Teachers have intensified extra lessons, despite threats by the government that it will descend on them as it is illegal.
Some members of the security forces have been implicated in armed robberies.
The predicament of civil servants cuts across the whole nation, except for a few privileged senior government officials and a motley band of tenderpreneurs that claim to have captured President Emmerson Mnangagwa.
There is no doubt that confidence is missing in the economy, more so after a disputed election and the war-like mood of the current administration.
The second republic has turned out to be a mirror image of its predecessor in some instances and worse in others, according to analysts.
Critics say Mnangagwa squandered the chance bestowed upon him after a military-assisted transition in November 2017.
Those that made loud calls for Zimbabweans to give Mnangagwa a chance have turned out to be the administration’s top critics, alarmed by the inability to get things right.
In his inaugural address in 2017, Mnangagwa urged citizens to “shed misbehaviours and acts of indiscipline which have characterised the past”.
“Acts of corruption must stop forthwith.

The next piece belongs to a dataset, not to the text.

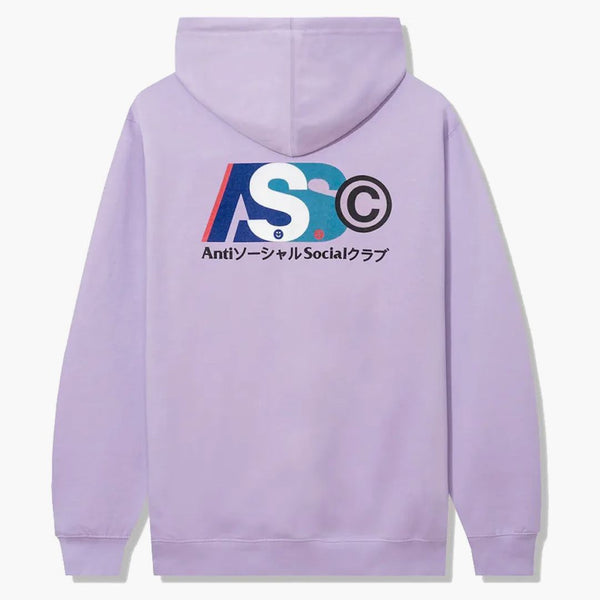 Anti Social Social Club Build Up Hoodie Lavender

Where these occur swift justice must be served to show each and all that crime and other acts of economic sabotage can only guarantee ruin to perpetrators. We have to aspire to be a clean nation, one sworn to high moral standards and deserved rewards,” Mnangagwa said, warning that “grief awaits those who depart from the path of virtue and clean business”.
The recently leaked audios have shown that this administration has created untouchables, exposing the depth of corruption in the second republic.
What has changed since November 24, 2017 when Mnangagwa promised to break with the past?
“ …as we chart our way forward, we must accept that our challenges as a nation emanate in part from the manner in which we have managed our politics, both nationally and internationally, leading to circumstances in which our country has undeservedly been perceived or classified as a pariah State,” Mnangagwa said then.
We have learnt nothing from history. Critics say Zimbabwe has reached a new low to the extent that people are discussing on social media platforms whether Ian Smith’s regime was better than the second republic.